Reggie jotted down the letter writer’s name and address. “You’ve been a great help,” he said, standing to leave. “Thank you.”

She gave him a quizzical look as she escorted him to the door.

“You’re quite welcome,” she said. “But was that all that you needed—just the one address?”

“Well . . . yes,” said Reggie, wishing he had covered his intent better—but he couldn’t see how it would matter to her. “It’s the one missing, and if one’s missing, they’re all missing, I like to say.”

“You don’t look like someone who would say that,” she said, and laughed. “But I’ll take your word for it that you do, given you came all this way for just the one letter.”

Reggie paused now. He had what he needed, but he couldn’t help asking.

“In all the time you were handling the letters—did you ever feel tempted to answer one of them yourself, rather than just send the official form?”

She looked at Reggie suspiciously now, and she took a moment before answering.

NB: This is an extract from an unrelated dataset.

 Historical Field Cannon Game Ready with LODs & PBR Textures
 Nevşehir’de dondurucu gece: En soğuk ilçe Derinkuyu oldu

“If I would have done—you can be sure that Dorset National would have taken a very dim view to learn of it. There’s a firm rule about always just sending the standard form letter. I was very specific about that in the instructions I left.”

“Yes,” said Reggie.

“I used to refer to it as the ‘prime directive’ myself,” she said with a smile that seemed to reference a joke that Reggie did not get. “Dorset National lawyers had concerns about potential liabilities, as I guess you might imagine.”

“Understandably,” said Reggie.

“Which is why, of course, they also included that clause in your lease that terminates the leasehold, and brings all the rent for the entire term immediately due and payable, if that rule should ever be violated.”

“What?”

“I believe they call it a liquidated damages clause, in which—”

“I’m familiar with the term. Are you telling me that there’s such a clause in the lease pertaining to these letters?”

“Why, yes,” she said, and now she looked at Reggie with her pale brow furrowed. “I hope there’s no reason to say this,” said the woman, “and I would certainly not be the one to snitch to Dorset National—but I trust you are truly just . . . tidying up—and not attempting to contact one of these people directly. That would be—”

“Bloody foolish,” said Reggie.

He thanked the woman again.

And then he drove to Heathrow, with the address for the Los Angeles letter writer in his pocket.